Pizza na Vila Sônia

De poucos anos prá cá, as pequenas pizzarias ganharam espaço na Vila Sônia. Quer dizer, nos mais variados bairros de São Paulo, essas pequenas pizzarias têm marcado presença e importância. Mas a Via Sônia é um bairro da zona oeste de São Paulo, de características residenciais. Bairro interessante, de forte presença japonesa. Com muita afeição percebo vizinhos ainda se cumprimentarem na rua. Mesmo eu, que morei ali por apenas 2 anos no início dos anos 80, sou cumprimentada por pessoas por mim desconhecidas.

Sou apaixonada pelo bairro desde quando o conheci no final. Da casa que herdamos – parcialmente herdamos – se enxerga o relógio do Conjunto Nacional. Entre o relógio e o nosso olhar de doçura, uma mangueira esplendorosa a abrigar pássaros diversos que encantam.

Da varanda da casa o silêncio faz uma poética parceria com as luzes da cidade. E não há nada mais deslumbrante que as luzes de São Paulo à noite! Debruçada na sacada interna, observo ao longe os carros que passam, para mim silenciosamente e em paz. Dali não consigo ouvir desentendimentos, ofensas, buzinas. Nem pessoas correndo para pegar o ônibus ou com o olhar de apreensão. Apenas observo amorosamente uma cidade que caminha. Dá prá imaginar uma cidade mais harmoniosa, moderna, com os melhores atrativos nas relações sociais e muito solidária. Uma cidade sem barulho! E dessa mesma varanda tenho a sensação de uma cidade humana e macia com a proximidade daquelas pizzarias que apenas cumprem o seu papel de levar o prazer extasiante para as pessoas solicitantes. O motoboy sai levando as suas caixas redondas carregadas de um odor paradisíaco e calmo ao seu destino. Retorna e continua no seu ofício até a madrugada. Onde existe o luar. O luar da Vila Sônia.

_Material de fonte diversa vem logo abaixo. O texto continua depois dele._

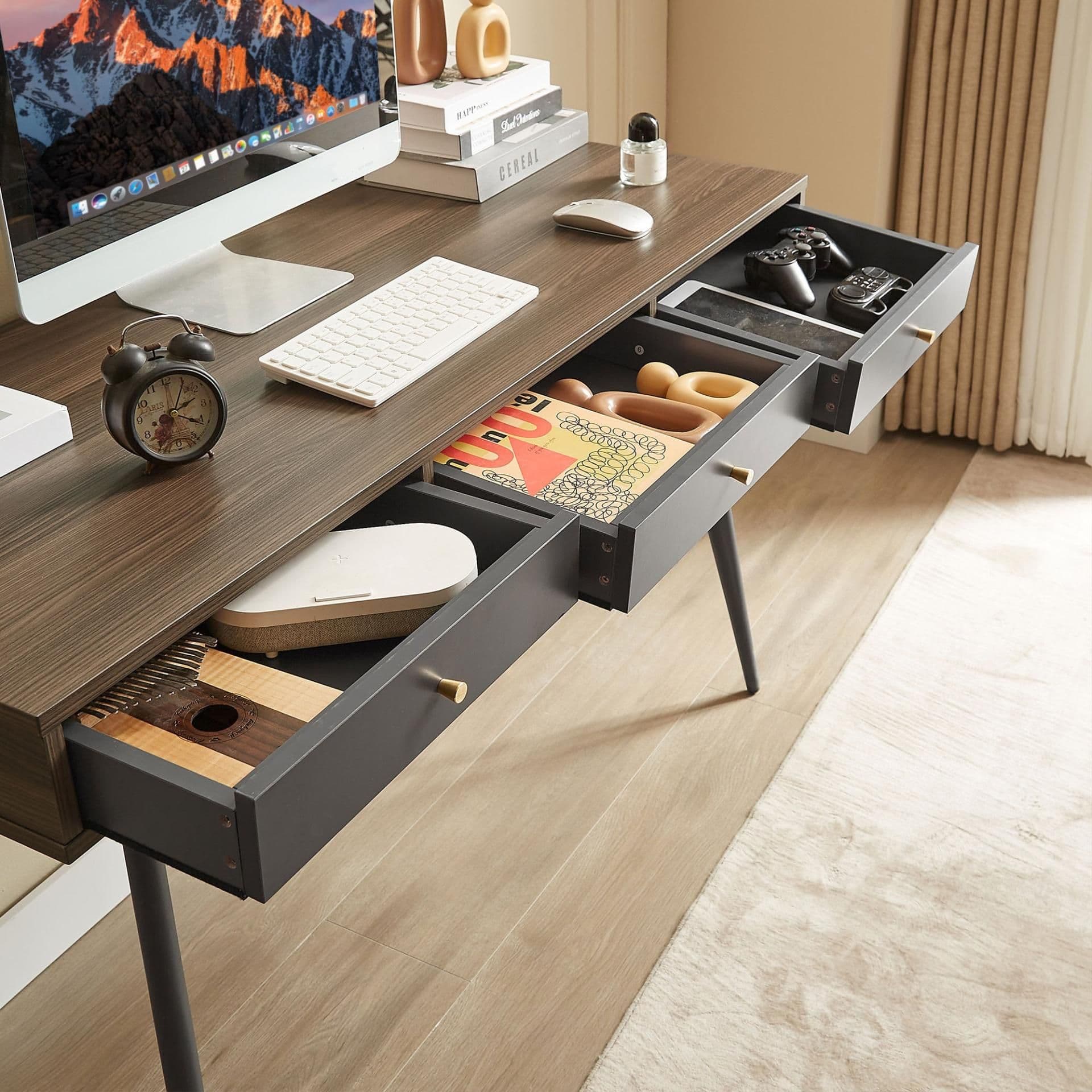 image-Mid Century Desk , Modern Writing Study Desk with Drawers, Multifunctional Home Office Computer Desk Walnut+Dark Grey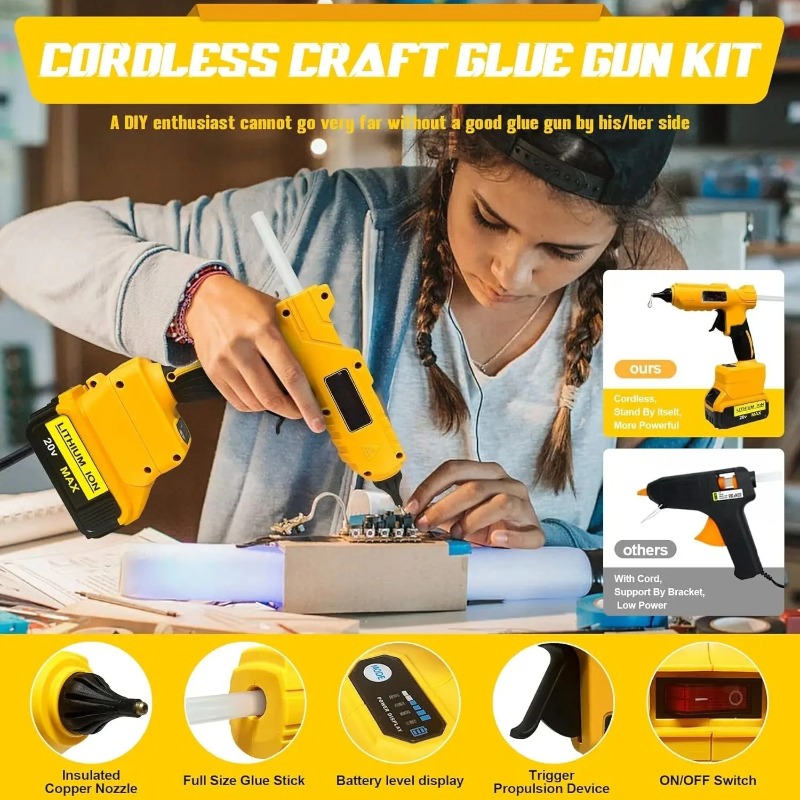 ปืนกาวร้อนไร้สายแบบมือถือสำหรั - Hot Melt Glue Gun Cordless บทวิจารณ์และราคา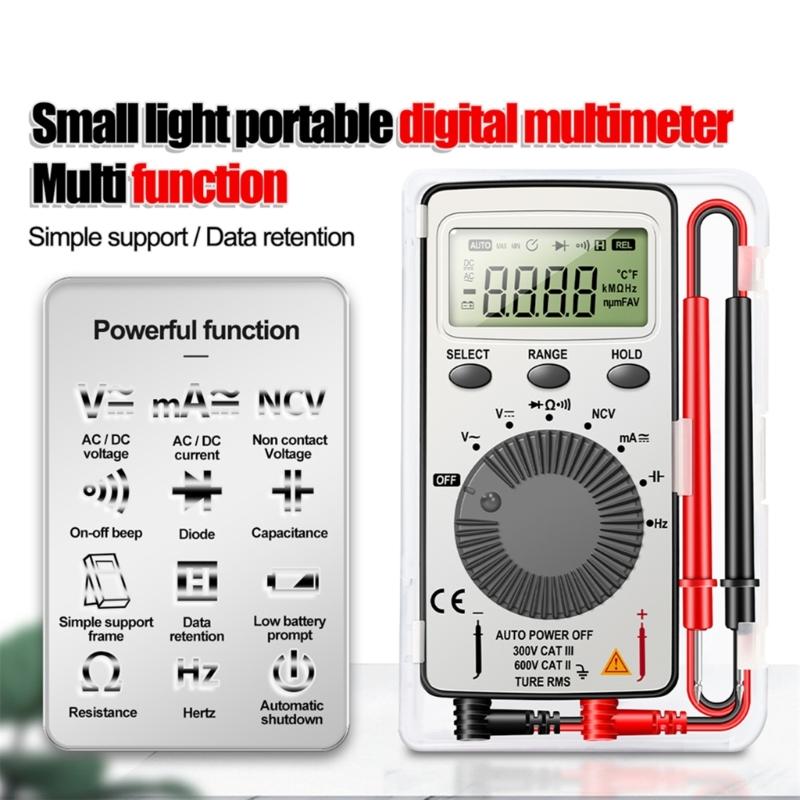 Portable Multimeter 1999 Counts Digital Multimeter Voltmeter Auto-Ranging for Testing Voltage Current Resist Continue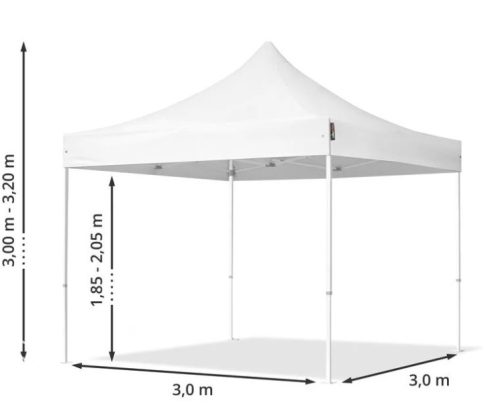 TP 3x3m összecsukható acél pavilon, 2 db oldalfallal - fekete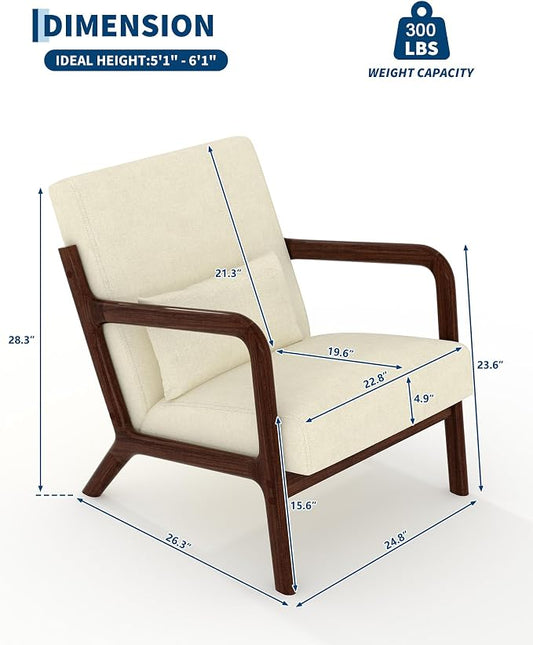 Garvee Mid-Century Chenille Accent Chair Set of 2, Cozy Reading Chair, Modern Lounge Armchair with Lumbar Pillow, Sturdy Wood Frame, for Living Room, Bedroom, Office, Beige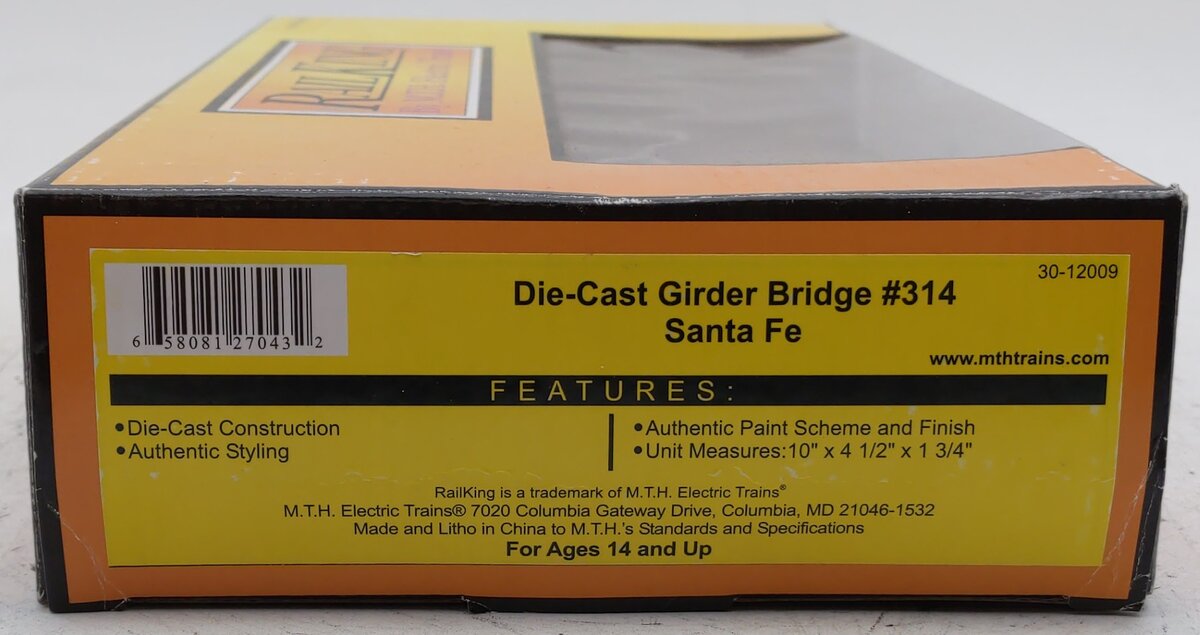 MTH 30-12009 Santa Fe #314 Girder Bridge EX/Box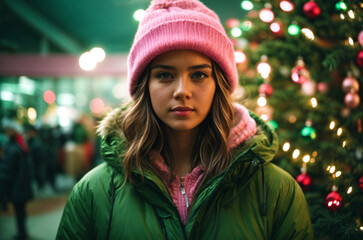 A young woman in winter attire stands before a brightly lit Christmas tree, evoking the warm, festive atmosphere of the holiday season. Captures the essence of the holiday spirit.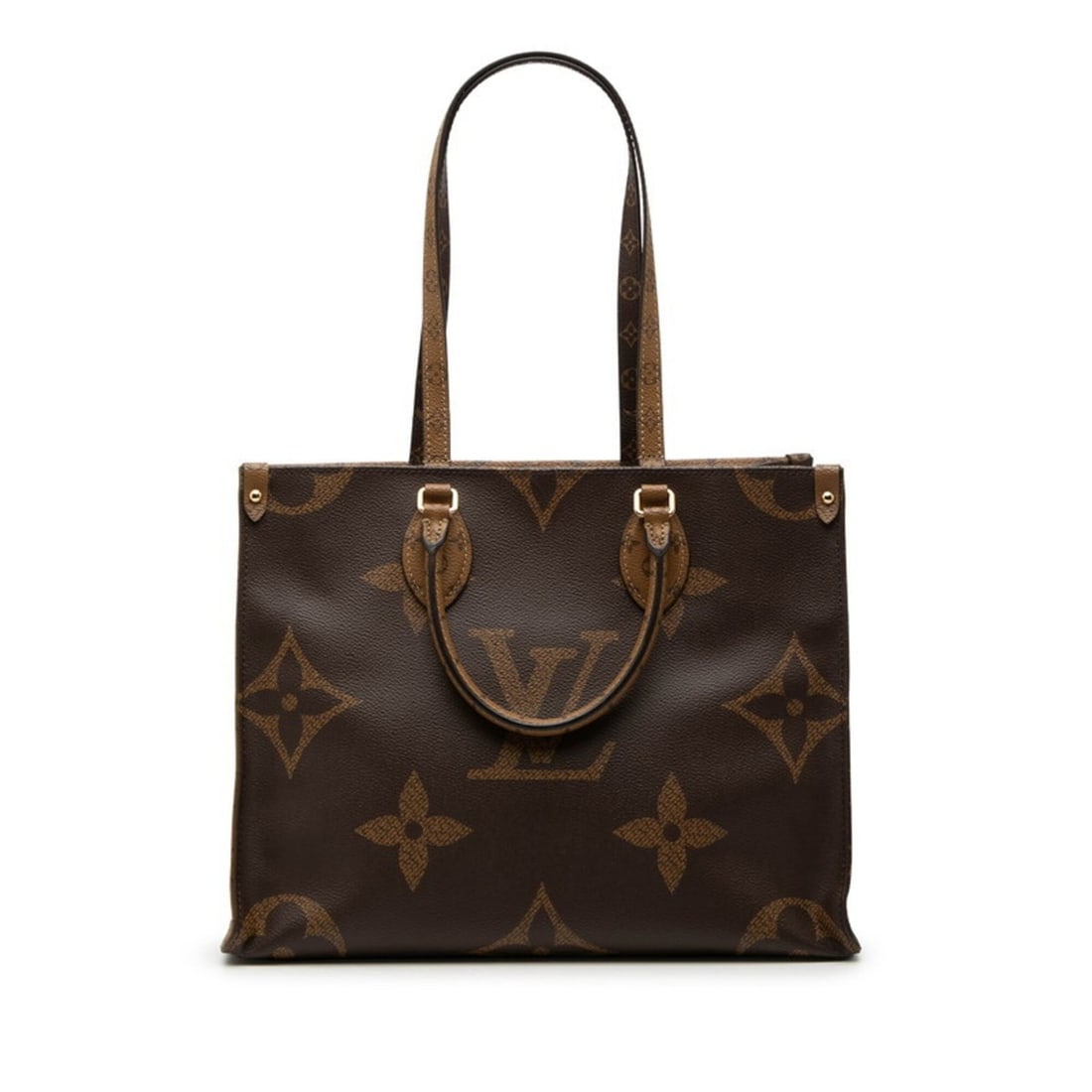 Louis Vuitton Monogram Giant Reverse OnTheGo MM Handbag Shoulder Bag 2WAY M45321 Brown Leather: --- Catalog ---Category: SizeStrap Drop: 24cm / 9.44''Handle Drop: 12.00cm / 4.72''Size (HxWxD): 27cm x 35cm x 14cm / 10.62'' x 13.77'' x 5.51''Category: DesignType: Handbag, Shoulder bagColor: BrownG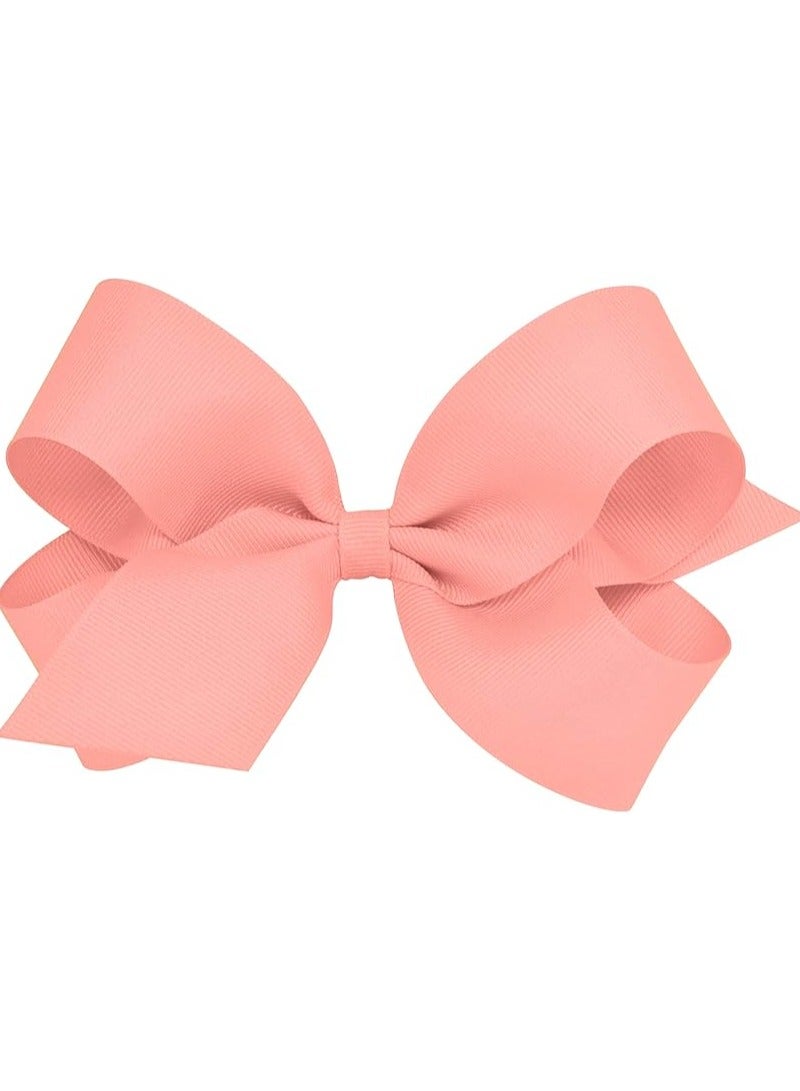 ORiTi Girls' Classic Grosgrain Hair Bow on a WeeStay Clip with Plain Wrap, Multiple Color and Size Options for All Hair Types, Handmade - Image 1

Na esquina de baixo, um bar que também oferece refeições a preços populares. Bem ali, há pouco tempo, existia bem à porta uma bancada com um sorvete que era produzido com a tecnologia dos anos 60: dois vidros emborcados – um de cada lado – cada qual com um líquido colorido. Os sabores eram normalmente morango ou limão ou abacaxi. Ao acionar uma pequena manivela redonda, por uma única saída, o sorvete ia deslizando suavemente e em círculos em direção à casquinha, que aguardava calma e silenciosamente a chegada do doce produto. Sempre na frente, uma criança de olhos muito abertos para esperar o resultado daquela magia. Isso encantava muito no meu tempo de criança. Hoje percebo que não mais. A maquininha sumiu e parece que esse desaparecimento provocou inquietação apenas nos saudosistas.

Numa noite, voltando da casa da tia, meu marido e eu resolvemos comprar uma pizza. Ficou difícil escolher: uma pizzaria oferece pizza de qualidade superior, outra oferece de primeira qualidade... mas resolvemos encostar o carro ali na calçada da rua Manuel Jacinto, fizemos o pedido e ficamos aguardado no carro mesmo. Resolvi ficar conversando com o pizzaiolo enquanto ele preparava a sua arte.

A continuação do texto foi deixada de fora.